The dark places claimed me for five years before spitting me out. Except while my descent into The Pit was instantaneous, my becoming free of it was not. I don’t even know how it happened, the process was that slow.
All I know is this. One sunny August day, high up in the mountain of Arizona, while strolling in a pine-scented forest, I realized I had left the dark places and kept on walking. Except I knew not when.
Relief and joy washed over me as well as a bit of guilt. I no longer thought of my daughter every single day. The sun was shining again. I smiled and laughed and was happy to be alive.
In time, I understood it was okay and I was grateful for finding “me” again.
The Pit: The Sequel
My second foray into The Pit lasted ten blasted years.
Early in our marriage, hubs and I had talked about adoption. Over the years, we had been quite busy making our babies. Therefore, adoption was not a subject we discussed often. We were too busy with our crew.
However, over ten years ago, we were given the opportunity to adopt a child out of foster care. We shall call this child Abe.
The time from the first meeting to placement in our home was only about 40 days. Which as far as foster care goes is extremely fast when you take into consideration we were licensed in less than 40 days (a process that we usually takes months). This expedited process should have been our first clue something was amiss.
Follow Your Gut
I was an experienced mother and yet I was so naive (except I did not know it…yet). I believed with every ounce of my being in the “formula” which had worked for my children: attuned parenting. Our children were indeed happy, secure, and content.
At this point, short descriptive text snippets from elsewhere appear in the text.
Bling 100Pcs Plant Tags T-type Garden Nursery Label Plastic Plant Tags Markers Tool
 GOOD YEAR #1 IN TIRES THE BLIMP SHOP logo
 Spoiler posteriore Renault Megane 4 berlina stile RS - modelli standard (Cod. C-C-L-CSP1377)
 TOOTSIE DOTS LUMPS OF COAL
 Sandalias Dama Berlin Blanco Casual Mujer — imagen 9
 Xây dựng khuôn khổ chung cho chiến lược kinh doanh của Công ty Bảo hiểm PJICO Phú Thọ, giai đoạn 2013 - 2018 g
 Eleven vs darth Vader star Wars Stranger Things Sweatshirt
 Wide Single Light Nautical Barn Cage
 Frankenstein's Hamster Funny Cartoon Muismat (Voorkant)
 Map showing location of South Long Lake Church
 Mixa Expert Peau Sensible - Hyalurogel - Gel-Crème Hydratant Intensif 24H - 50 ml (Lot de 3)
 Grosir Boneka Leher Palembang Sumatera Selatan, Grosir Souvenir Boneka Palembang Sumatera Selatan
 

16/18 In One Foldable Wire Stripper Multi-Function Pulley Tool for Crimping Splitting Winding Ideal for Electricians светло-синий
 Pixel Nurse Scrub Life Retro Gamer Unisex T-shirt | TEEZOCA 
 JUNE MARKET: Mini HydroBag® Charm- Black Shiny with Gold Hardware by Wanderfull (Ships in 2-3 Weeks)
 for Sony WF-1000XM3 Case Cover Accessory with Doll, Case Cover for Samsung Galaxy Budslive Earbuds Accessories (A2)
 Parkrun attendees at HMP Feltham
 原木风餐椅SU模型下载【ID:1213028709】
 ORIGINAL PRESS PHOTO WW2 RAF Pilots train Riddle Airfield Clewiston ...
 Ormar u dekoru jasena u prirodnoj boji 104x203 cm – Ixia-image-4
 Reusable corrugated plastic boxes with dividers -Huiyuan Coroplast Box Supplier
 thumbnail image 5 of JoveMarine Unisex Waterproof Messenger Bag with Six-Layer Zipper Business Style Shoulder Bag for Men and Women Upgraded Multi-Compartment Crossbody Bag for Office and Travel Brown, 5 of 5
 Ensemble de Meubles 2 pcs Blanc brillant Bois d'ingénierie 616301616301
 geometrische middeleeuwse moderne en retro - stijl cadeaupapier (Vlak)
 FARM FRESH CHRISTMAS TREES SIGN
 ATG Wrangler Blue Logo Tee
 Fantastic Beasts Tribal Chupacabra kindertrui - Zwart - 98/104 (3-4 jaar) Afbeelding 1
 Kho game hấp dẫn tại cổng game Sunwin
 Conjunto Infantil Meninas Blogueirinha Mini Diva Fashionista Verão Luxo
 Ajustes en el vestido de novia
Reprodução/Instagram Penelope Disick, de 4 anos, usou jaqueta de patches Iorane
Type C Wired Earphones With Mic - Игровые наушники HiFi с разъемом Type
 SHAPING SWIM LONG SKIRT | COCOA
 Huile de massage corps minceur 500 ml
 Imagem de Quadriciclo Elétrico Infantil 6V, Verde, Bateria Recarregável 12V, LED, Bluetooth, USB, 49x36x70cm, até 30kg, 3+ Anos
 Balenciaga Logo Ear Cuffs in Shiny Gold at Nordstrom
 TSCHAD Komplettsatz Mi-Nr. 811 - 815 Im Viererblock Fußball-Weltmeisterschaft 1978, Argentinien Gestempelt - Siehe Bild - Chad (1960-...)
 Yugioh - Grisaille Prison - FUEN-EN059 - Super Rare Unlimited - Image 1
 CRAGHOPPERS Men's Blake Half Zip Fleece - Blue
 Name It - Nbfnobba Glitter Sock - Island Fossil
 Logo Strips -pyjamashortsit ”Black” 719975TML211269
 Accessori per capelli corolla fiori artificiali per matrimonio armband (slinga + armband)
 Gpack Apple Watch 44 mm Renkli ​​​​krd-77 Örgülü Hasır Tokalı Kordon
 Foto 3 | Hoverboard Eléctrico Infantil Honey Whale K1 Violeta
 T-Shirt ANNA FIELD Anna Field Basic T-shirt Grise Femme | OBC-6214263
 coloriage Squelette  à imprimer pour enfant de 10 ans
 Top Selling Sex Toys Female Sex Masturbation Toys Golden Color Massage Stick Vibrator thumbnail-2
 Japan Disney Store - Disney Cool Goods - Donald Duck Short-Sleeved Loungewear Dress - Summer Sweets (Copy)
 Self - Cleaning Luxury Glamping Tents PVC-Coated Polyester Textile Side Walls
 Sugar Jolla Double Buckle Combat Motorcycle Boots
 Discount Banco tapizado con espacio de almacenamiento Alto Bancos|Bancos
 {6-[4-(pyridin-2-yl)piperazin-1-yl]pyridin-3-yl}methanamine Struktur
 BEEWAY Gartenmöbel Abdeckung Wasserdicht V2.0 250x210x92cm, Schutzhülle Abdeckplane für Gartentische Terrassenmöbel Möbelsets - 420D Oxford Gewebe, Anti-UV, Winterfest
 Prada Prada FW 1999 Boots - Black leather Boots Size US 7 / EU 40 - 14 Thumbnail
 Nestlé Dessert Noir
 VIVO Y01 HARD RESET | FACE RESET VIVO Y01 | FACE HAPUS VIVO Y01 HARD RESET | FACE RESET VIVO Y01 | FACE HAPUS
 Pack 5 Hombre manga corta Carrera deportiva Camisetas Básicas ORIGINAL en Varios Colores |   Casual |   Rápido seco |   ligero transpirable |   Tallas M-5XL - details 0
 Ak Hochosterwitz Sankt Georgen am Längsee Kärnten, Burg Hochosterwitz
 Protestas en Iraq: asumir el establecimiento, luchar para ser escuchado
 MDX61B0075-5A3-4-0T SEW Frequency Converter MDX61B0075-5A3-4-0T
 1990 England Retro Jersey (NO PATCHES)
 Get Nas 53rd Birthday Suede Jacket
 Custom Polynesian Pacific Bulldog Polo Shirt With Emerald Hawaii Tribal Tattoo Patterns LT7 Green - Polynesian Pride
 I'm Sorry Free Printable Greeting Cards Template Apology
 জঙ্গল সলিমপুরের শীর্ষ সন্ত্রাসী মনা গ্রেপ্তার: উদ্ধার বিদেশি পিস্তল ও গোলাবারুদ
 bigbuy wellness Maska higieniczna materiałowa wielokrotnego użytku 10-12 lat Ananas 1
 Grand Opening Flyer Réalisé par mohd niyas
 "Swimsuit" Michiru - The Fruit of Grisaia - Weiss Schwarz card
During visitations, my gut often told me some things were “off” with Abe. However, all my inquiries were met with wide-eyed wonder and pretty answers which made me question myself. As far as anyone was concerned all was well. Abe was fine. I was reading too much into things.
Additionally, we were refused details about his past (to protect the privacy of his birth family we were told). As far as our privacy was concerned we had none. We were investigated thoroughly. People trampled through our home, our vehicles, our yard. We were interviewed. This was a grueling process.
Then, one morning, without any other warning, we were told: “pick Abe up this afternoon” and this was that.
I was convinced cuddles, hugs, and love would turn Abe around in no time. Except Abe wanted none of it. Abe wanted me only when I had food. He made sure to never look at me nor touch me. I could only hold him if I had a bottle and even then he was stiff, refusing to give in to my embrace.
The rest of the family fared no better.
However, Abe loved strangers whom he showered with hugs and kisses.
My heart broke and I quickly descended into the grip of the dark places.
Depression settled over me like a wet blanket.
Once again I felt alone.
Who do you turn to and say “I think we made a mistake, this child hates us, especially me” and “I don’t understand what is happening.”
My feelings of isolation exacerbated my feelings of depression.
Very quickly, I realized how naive I had been when my exuberance met a brick wall which stopped me dead in my tracks with a hefty dose of reality.
I knew nothing.
And, I most certainly did not know how to fix this.
What Child is This?
As Abe grew, his strange and mean behaviors escalated and I was lost in a thick fog…unreachable.
I was angry, I felt guilty and I was ashamed I could not do “this.” I felt broken and dare I say…evil.
Nothing I tried worked.
When we buried our baby, I thought nothing could ever be harder to live through. I was wrong. You see, my daughter’s death was permanent. I could not change it. In time, I learned to accept it and to move on.
This situation with Abe was E-VE-RY day. At night, I would replay scenarios and tell myself “tomorrow, I will say this and I will do this.” Then, tomorrow came, and I was overwhelmed anew by the task before me. I had never worked as hard at anything in my life and yet failed so resoundingly.
I wanted a break and I want to hit pause until I could regroup.
I wanted a magic wand and a hocus-pocus or an abracadabra and I wanted everything FIXED.
NOW…would be nice.
Pretty please with as many cherries as you want on top.